Ziegler encourages women looking to get an abortion to not worry, "Women in general, at least at the moment under either law, won't be prosecuted themselves for having abortions. So, I don't think there should be that much fear that women will face legal consequences if they go to Florida to have abortions."
While women in Georgia and Alabama can still have abortions right now, once those laws take effect, women may try to come to Florida to receive the healthcare they need. Ziegler points out, if these women come to Florida seeking abortions, they might find that doctors may not be willing to help.
She shares, "The laws don't spell out how they would apply out of state. I think when you are talking about Florida, the only concern would be that it would have a chilling effect on doctors who might not want to go anywhere near potential criminal liability."
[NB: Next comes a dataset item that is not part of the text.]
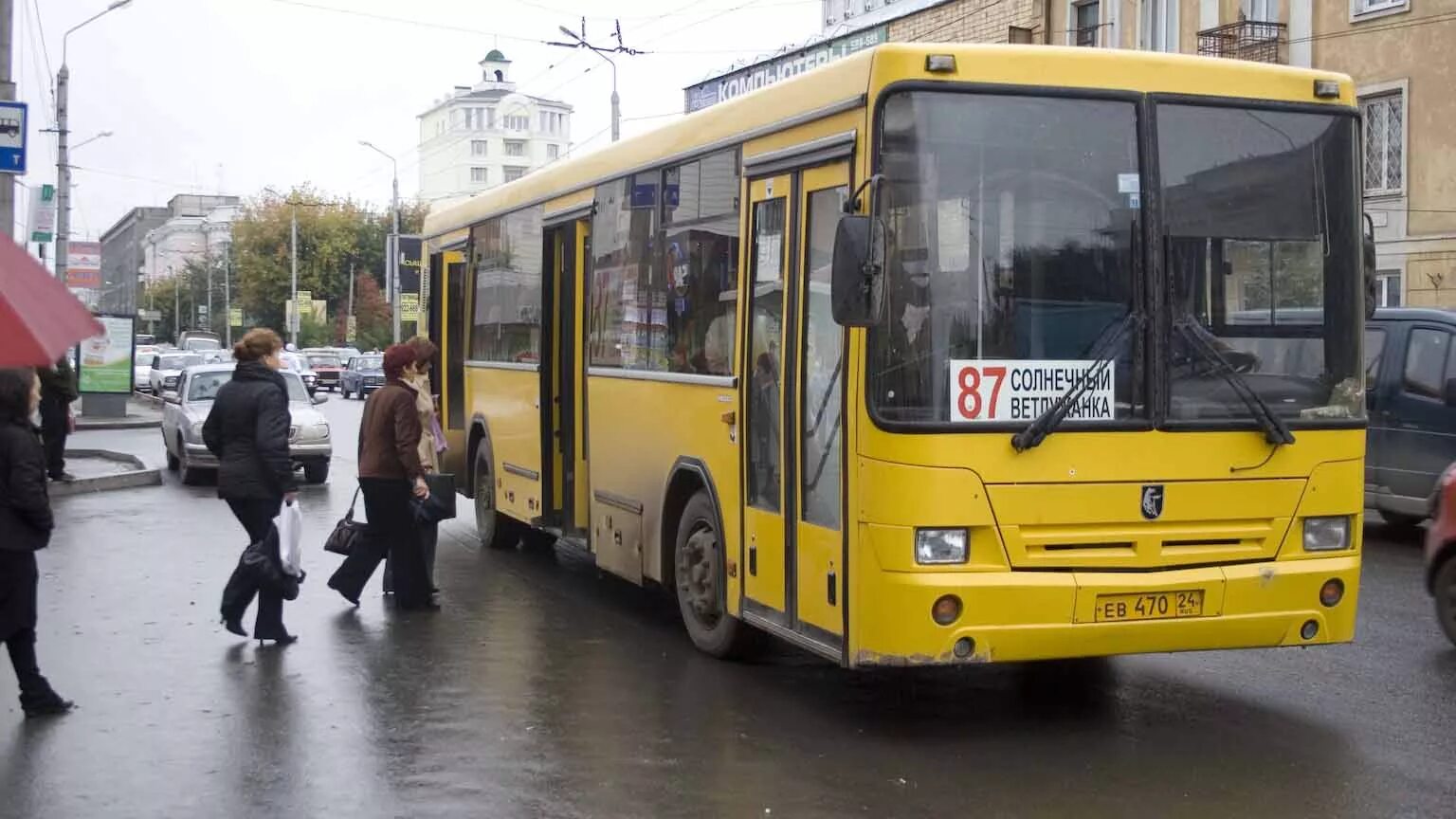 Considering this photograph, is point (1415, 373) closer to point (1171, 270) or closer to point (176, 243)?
point (1171, 270)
She furthers the discussion by explaining, as of now, the laws do not spell out what those repercussions would be, which is why doctors could be wary of conducting a surgical procedure on a woman whose state believes the procedure is a crime.
Many questions still surround these issues, and Ziegler believes we should expect it to become a long legal battle.
Pro-life groups in the area declined to comment as the bills are in Georgia and Alabama, not in Florida. The Georgia Conference of Catholics released a statement on their website that agrees with the state's bill.
Currently there are six states that have passed some sort of anti-abortion measure.